My father went on to marry two more women, the first who left him after six months and the second who was going to divorce him, but he died first.

"I'm on holiday in Kunming."

One of the repeating adventures I enjoy here in Kunming is going to a new area of the city and talking with people on the street. With a friend and interpreter by my side, I will approach a stranger and say to them, through my interpreter, "Hi, my name is Dwight. I'm on holiday in Kunming. May I talk with you for a few minutes?"

Is it a lie or not?

"I'm on holiday in Kunming." No, it's not literally a lie. It is a holiday for me; I'm just doing it in my own city. However, I know that the stranger I'm talking with will assume that either I have recently come from another city in China or even from abroad. In this respect, since I know how my listener is likely to interpret it, I am lying.

The benefits of lying in this circumstance

Why do I do this? Why not just tell them the truth upfront so that what they hear is likely to be more congruent with the truth, as in saying, "I live in Kunming, and I decided to explore a different part of the city for a day"?

If I did this, instead of "lying" to them by saying, "I'm on holiday in Kunming," they will not be so eager to engage with me as they are when they see me as a "special tourist from abroad" just on holiday in their city. I've tested this and I know. When I "lie" to them this way, our conversation, created with the help of my interpreter, becomes more exciting and interesting for both sides.
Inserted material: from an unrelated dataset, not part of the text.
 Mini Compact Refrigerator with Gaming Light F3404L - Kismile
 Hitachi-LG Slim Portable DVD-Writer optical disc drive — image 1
Before saying goodbye to them, I will adjust what I said at the beginning. "I am on holiday in Kunming, as I said before. But I also live in Kunming. Here's my card so that we can stay in touch if you like." They seem to be quite fine and happy about this un-lying disclosure.

Lie low, lie little...but when it makes sense, lie well with full integrity

I give the above examples of lying to indicate, not only how few circumstances exist, relatively speaking, where lying makes sense, but also to indicate the importance of lying well with integrity when you do decide that there's an opportunity to "lie for the greater good."